Business travel is necessary because it’s how many companies serve their clients. The ability to visit client locations represents the ability to show up, build relationships and deliver products on all accounts.
Yet, sustainability is a growing concern, as business travel itself correlates strongly to high degrees of greenhouse emissions. More corporations are tracking their environmental footprints. The Global Business Travel Association (GBTA) conducted a study surveying around 300 European and U.S. travel managers to understand how they perceive the importance of sustainability initiatives and their impact:
40 percent of European and American corporations have witnessed measurable benefits of sustainability initiatives with a better public image, more productive and efficient business processes and improved employee morale.
For companies that track their environmental footprint, almost all measure air travel activity, with 92 percent in the U.S. and 96 percent across Europe looking at these numbers.
44 percent of European companies believe the impact of rail suppliers and car rental to be important. Nearly half receive CO2 emissions reports.

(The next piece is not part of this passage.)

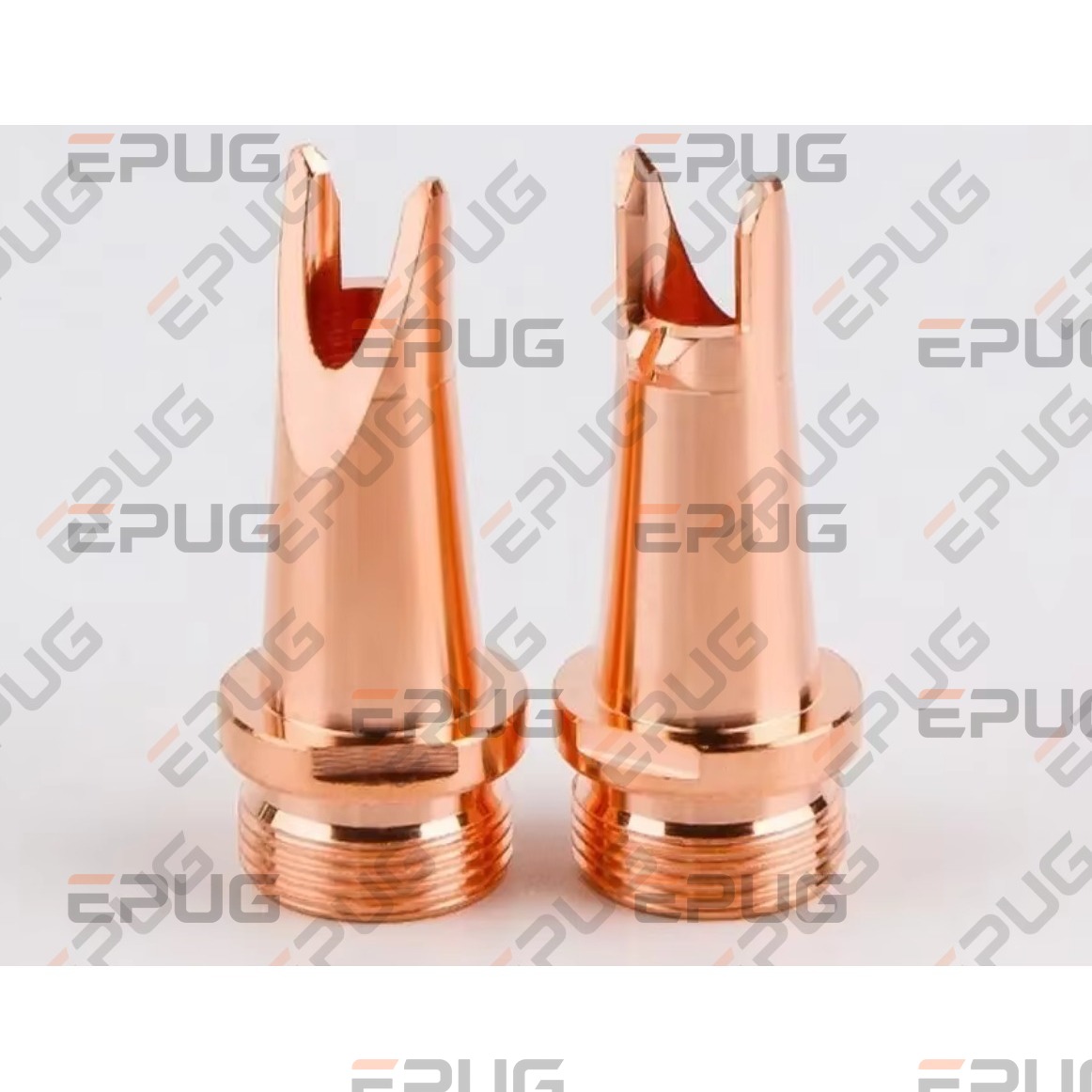Nozzle solda CS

Safety and security are priorities when it comes to investing in sustainability for about 70 percent of both U.S. and Europe-based companies. Additionally, 71 percent of European companies favor the long-term cost savings of sustainability, while 68 percent of American companies are focused on the contribution to society that sustainability provides.
Developing Green Travel Policies and Emissions Tips
How do companies develop a policy on travel and strategize need, frequency and mode of travel in relation to sustainability? A necessary part of any company’s strategy centers on the need to reduce the number of employees traveling and how they are commuting, with a focus on travel modes that have low-carbon emissions:
1. Raise awareness about low-carbon driving.

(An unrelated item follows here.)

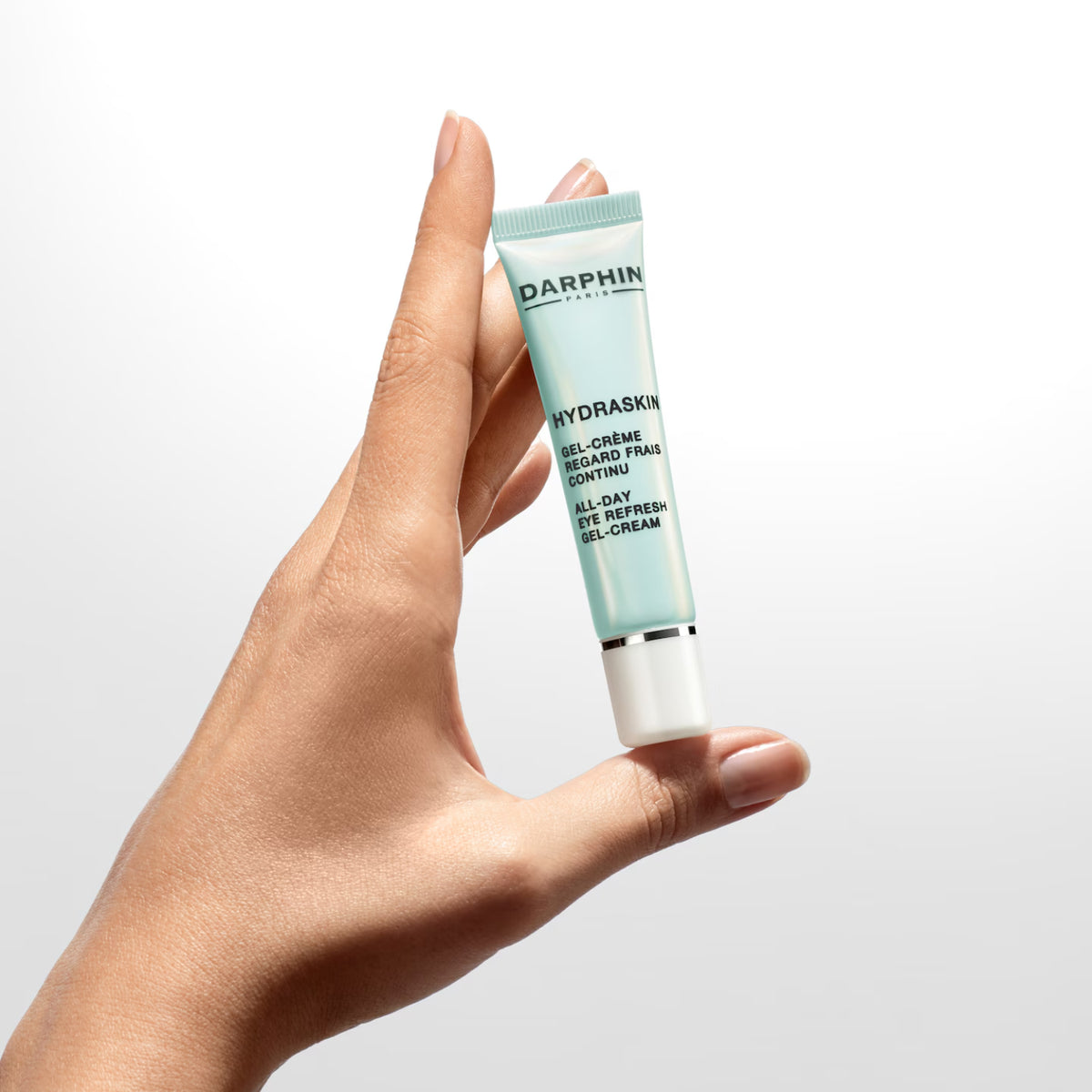 Darphin Hydraskin All-Day Eye Refresh Gel-Cream | Contorno Occhi Idratante | 15ml 3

According to the U.S. Energy Information Administration (EIA), the “largest absolute increase in 2014 energy-related carbon dioxide emissions was from the transportation sector.” Higher fuel consumption occurred between 2013-2014 due to decreases in fuel prices.
To reduce your company’s reliance on fossil fuels for transportation, educate staff on available low-carbon driving options. If employees use company cars, strive to assign vehicles with low carbon impact. Additionally, if employees lease vehicles, offer incentives to drive cars with less impact, such electric, hybrid and low-carbon vehicles.
2. Fly wisely and only as necessary.
Airplane travel is responsible for 10% of all greenhouse gas emissions. Flying is unavoidable in certain circumstances, but it’s better to fly wisely when you do.
Consider these ideas on reducing your impact on emissions when flying:
Flying non-stop cuts down on half of a single flight’s emissions since you’re avoiding extra landings, takeoffs and taxi times. Without layovers, you get to your client faster and more efficiently as well.
For daytime flights, choose economy. This class impacts the climate less because it allows more people on the plane, and that means less emissions per person.
Bring only one carry-on for your flight. One bag is easier to handle and is less hassle when boarding.
Rather than flying, take the train, if possible.
3. Support biking to work.
In the past decade, there has been a 60 percent increase of employees who bike to work in the United States. More cities are developing bike-share programs, bike lanes and other supportive structures to encourage green commuting.
The development of a cycling culture at work encourages physical exercise, motivation and the building of community in the office. Like carpooling, many people develop bike trains that follow a regular commuting route to and from a destination. Bike trains are developed for leisure, exercise and commuting to and from work.
Give incentives to employees to encourage and reward work-related commuting. Such incentives may be bike racks, gift cards, lunch catering celebrations and the inclusion of support structures that encourage an easier cycling commute (lockers, showers or a bike repair area).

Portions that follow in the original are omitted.